------ MATERIAL TO PROCESS ------

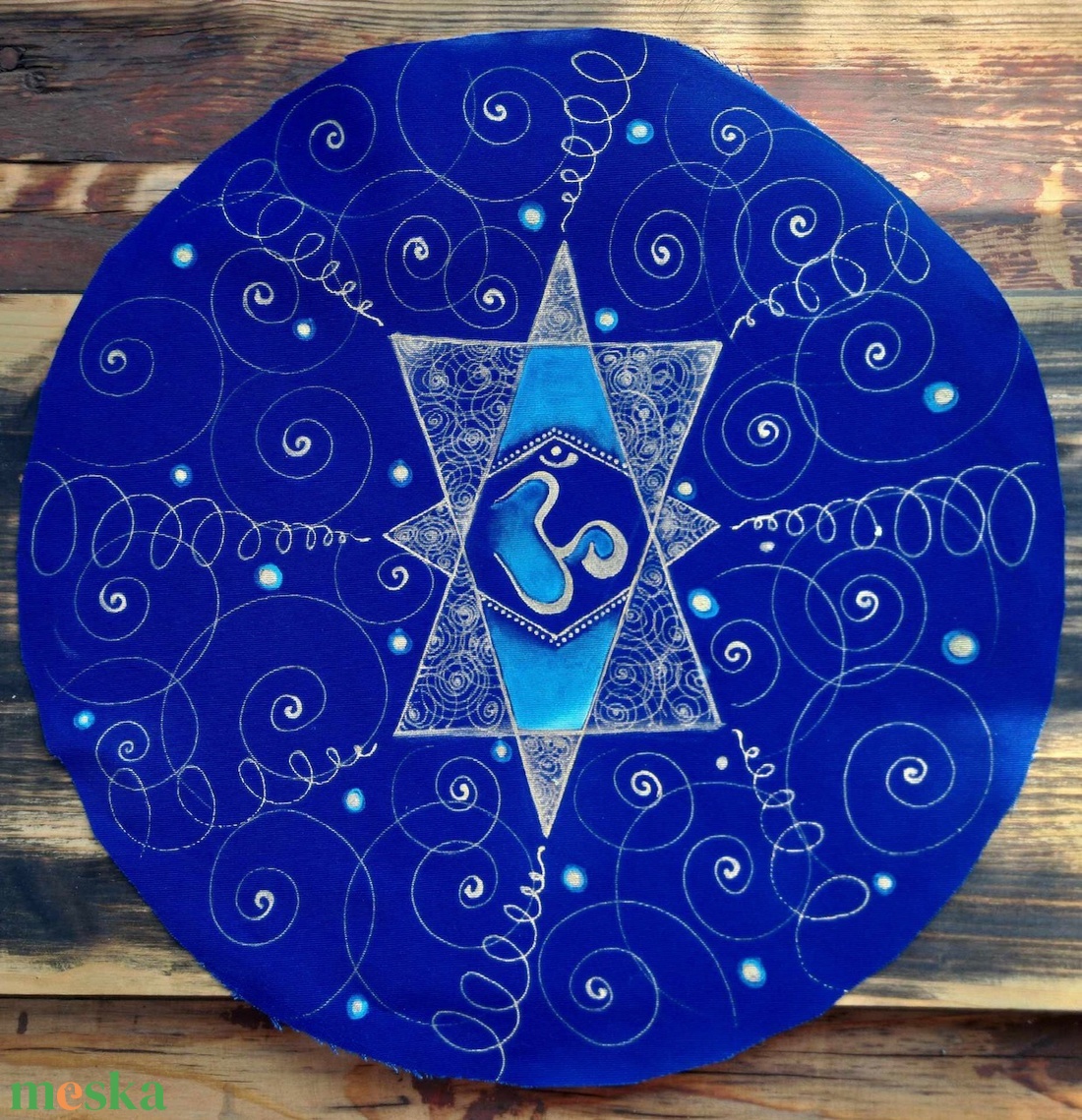 Meditációspárna / Jóga ülőpárna. Alchemy 2./ ÚJ MINTA! - játék & sport - sport és kikapcsolódás - jóga, pilates, torna - Meska.hu Meditációspárna / Jóga ülőpárna. Alchemy 2./ ÚJ MINTA! - játék & sport - sport és kikapcsolódás - jóga, pilates, torna - Meska.hu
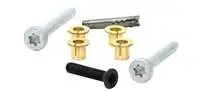 

Store code: 4090 for door pin SET (SET) R9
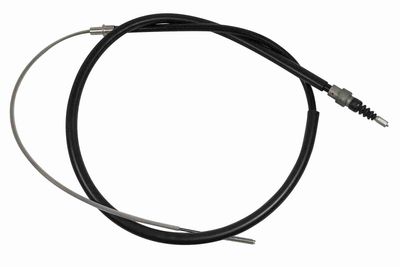 Trose, Stāvbremžu sistēma VAICO V10-30045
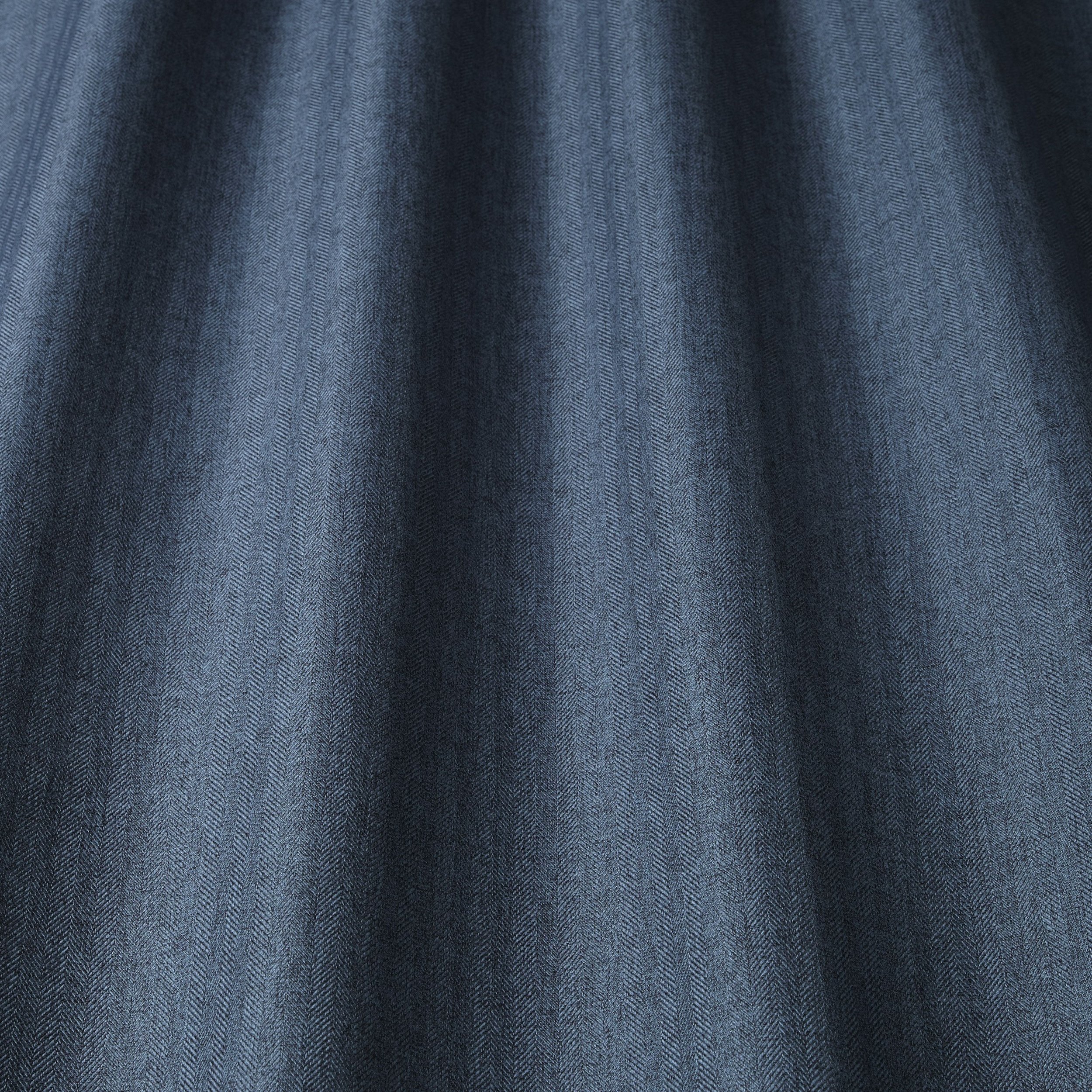 bronte_indigo_2.jpg
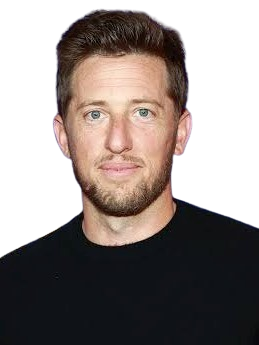 Matt Kaplan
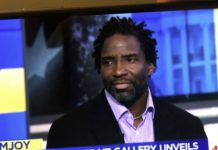 On Being An Art Critic In A Weird Time For Journalism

------

**PROMPT**
All lines from the one containing "bronte_indigo_2.jpg" to the last line of the records above, and no others, should be returned unchanged, without pictures.

**RESULT FOR THIS EXERCISE**
 bronte_indigo_2.jpg
 Matt Kaplan
 On Being An Art Critic In A Weird Time For Journalism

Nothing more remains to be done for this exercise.